HESI RN
Evolve HESI Medical Surgical Practice Exam
1. The nurse is caring for a patient who is receiving isotonic intravenous (IV) fluids at an infusion rate of 125 mL/hour. The nurse performs an assessment and notes a heart rate of 102 beats per minute, a blood pressure of 160/85 mm Hg, and crackles auscultated in both lungs. Which action will the nurse take?
- A. Decrease the IV fluid rate and notify the provider.
- B. Increase the IV fluid rate and notify the provider.
- C. Request an order for a colloidal IV solution.
- D. Request an order for a hypertonic IV solution.
Correct answer: A
Rationale: The patient is showing signs of fluid volume excess, indicated by crackles in both lungs, increased heart rate, and elevated blood pressure. To address this, the nurse should decrease the IV fluid rate and notify the provider. Increasing the IV fluid rate would worsen fluid overload. Requesting colloidal or hypertonic IV solutions would exacerbate the issue by pulling more fluids into the intravascular space, leading to further volume overload.
2. A patient’s serum osmolality is 305 mOsm/kg. Which term describes this patient’s body fluid osmolality?
- A. Iso-osmolar
- B. Hypo-osmolar
- C. Hyperosmolar
- D. Isotonic
Correct answer: C
Rationale: The correct term to describe a patient with a serum osmolality of 305 mOsm/kg is 'hyperosmolar.' Normal osmolality ranges from 280 to 300 mOsm/kg. A patient with an osmolality above this range is considered hyperosmolar. Choice A ('Iso-osmolar') implies an equal osmolality, which is not the case in this scenario. Choice B ('Hypo-osmolar') suggests a lower osmolality, which is incorrect based on the provided serum osmolality value. Choice D ('Isotonic') refers to a solution having the same osmolality as another solution, not describing the specific scenario of this patient being above the normal range.

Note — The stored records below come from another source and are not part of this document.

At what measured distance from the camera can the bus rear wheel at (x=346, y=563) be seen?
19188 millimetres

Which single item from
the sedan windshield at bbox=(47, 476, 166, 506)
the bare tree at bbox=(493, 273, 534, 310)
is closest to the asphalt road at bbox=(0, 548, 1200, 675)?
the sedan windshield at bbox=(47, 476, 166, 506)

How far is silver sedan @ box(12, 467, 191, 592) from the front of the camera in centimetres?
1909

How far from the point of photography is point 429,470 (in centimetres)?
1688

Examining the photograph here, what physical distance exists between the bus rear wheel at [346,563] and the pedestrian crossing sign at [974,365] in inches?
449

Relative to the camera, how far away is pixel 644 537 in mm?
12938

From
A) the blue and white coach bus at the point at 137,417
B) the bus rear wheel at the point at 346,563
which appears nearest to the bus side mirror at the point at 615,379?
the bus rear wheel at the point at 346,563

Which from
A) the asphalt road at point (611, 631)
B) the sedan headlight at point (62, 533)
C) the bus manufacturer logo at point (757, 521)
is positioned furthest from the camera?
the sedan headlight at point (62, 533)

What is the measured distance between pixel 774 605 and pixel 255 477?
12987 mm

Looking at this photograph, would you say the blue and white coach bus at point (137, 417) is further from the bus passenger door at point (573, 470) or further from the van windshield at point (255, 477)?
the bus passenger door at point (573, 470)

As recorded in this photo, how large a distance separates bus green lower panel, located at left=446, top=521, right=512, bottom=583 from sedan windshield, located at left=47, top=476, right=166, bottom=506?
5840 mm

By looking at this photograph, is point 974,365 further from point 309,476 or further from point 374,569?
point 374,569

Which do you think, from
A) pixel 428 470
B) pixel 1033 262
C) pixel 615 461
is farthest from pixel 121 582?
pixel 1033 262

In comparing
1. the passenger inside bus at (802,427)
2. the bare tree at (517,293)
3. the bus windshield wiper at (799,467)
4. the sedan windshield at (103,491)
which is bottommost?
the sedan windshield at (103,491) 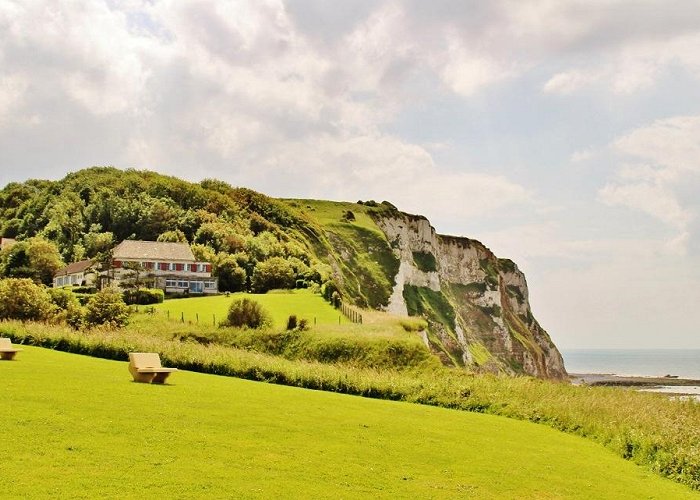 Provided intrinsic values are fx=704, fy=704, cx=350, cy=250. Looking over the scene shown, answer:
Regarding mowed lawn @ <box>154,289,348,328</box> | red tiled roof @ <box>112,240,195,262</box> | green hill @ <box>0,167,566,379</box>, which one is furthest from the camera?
green hill @ <box>0,167,566,379</box>

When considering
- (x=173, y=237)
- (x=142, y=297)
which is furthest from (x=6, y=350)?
(x=173, y=237)

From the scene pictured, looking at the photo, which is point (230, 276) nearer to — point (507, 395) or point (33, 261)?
point (33, 261)

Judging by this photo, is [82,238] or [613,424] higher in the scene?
[82,238]

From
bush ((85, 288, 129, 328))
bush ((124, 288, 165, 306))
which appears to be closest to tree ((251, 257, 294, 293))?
bush ((124, 288, 165, 306))

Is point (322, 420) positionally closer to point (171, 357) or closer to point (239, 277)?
point (171, 357)

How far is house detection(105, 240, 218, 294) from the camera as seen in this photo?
87438mm

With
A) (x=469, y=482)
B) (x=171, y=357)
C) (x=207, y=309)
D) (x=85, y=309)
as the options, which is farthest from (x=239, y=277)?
(x=469, y=482)

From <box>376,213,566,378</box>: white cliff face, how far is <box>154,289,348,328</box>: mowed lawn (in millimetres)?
63248

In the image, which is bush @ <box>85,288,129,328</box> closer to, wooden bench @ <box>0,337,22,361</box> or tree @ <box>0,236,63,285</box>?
wooden bench @ <box>0,337,22,361</box>

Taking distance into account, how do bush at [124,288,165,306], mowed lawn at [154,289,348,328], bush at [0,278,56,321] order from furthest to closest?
bush at [124,288,165,306] < mowed lawn at [154,289,348,328] < bush at [0,278,56,321]

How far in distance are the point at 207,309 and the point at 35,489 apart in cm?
5560

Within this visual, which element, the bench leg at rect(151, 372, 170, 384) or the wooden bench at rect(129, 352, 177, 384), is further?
the bench leg at rect(151, 372, 170, 384)

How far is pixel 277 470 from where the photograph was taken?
1486cm

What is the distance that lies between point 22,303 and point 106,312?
692 centimetres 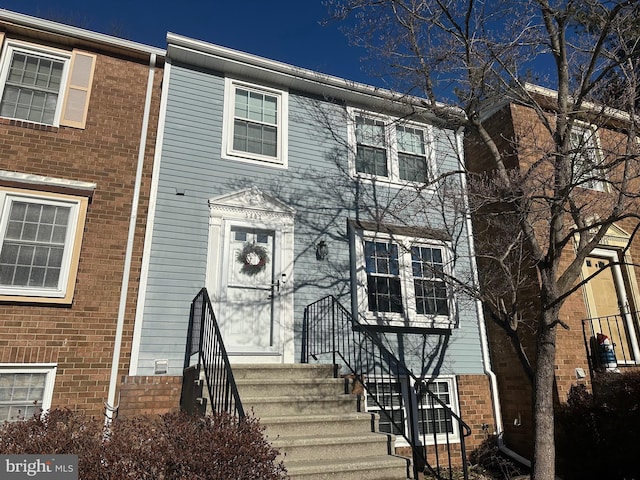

3. Which of the following is a key symptom of myocardial infarction (MI)?
- A. Chest pain.
- B. Shortness of breath.
- C. Nausea.
- D. Fatigue.
Correct answer: A
Rationale: The correct answer is A: Chest pain. Chest pain is a hallmark symptom of myocardial infarction (MI) due to inadequate blood flow to the heart muscle. This pain can be severe, crushing, or squeezing, and may radiate to the left arm, jaw, or back. Shortness of breath (choice B), nausea (choice C), and fatigue (choice D) can accompany MI but are not as specific or characteristic as chest pain in diagnosing this condition. Therefore, chest pain is the primary symptom to recognize for suspected MI.
4. Which of the following is an expected finding in a patient with hypothyroidism?
- A. Weight gain.
- B. Weight loss.
- C. Increased appetite.
- D. Diarrhea.
Correct answer: A
Rationale: Weight gain is an expected finding in hypothyroidism due to the decreased metabolic rate. Hypothyroidism leads to a slowing down of bodily functions, including metabolism, which can result in weight gain. Weight loss (Choice B) is more commonly associated with hyperthyroidism where there is an increase in metabolic rate. Increased appetite (Choice C) is also more typical of hyperthyroidism as the body is burning energy at a faster rate. Diarrhea (Choice D) is not a typical symptom of hypothyroidism; instead, constipation is more often observed due to the slowing down of the digestive system.
5. A nurse cares for a client with urinary incontinence. The client states, “I am so embarrassed. My bladder leaks like a young child’s bladder.” How should the nurse respond?
- A. I understand how you feel. I would be mortified.
- B. Incontinence pads will minimize leaks in public.
- C. I can teach you strategies to help control your incontinence.
- D. More women experience incontinence than you might think.
Correct answer: C
Rationale: The nurse should accept and acknowledge the client’s concerns, and assist the client to learn techniques that will allow control of urinary incontinence. The nurse should not diminish the client’s concerns with the use of pads or stating statistics about the occurrence of incontinence.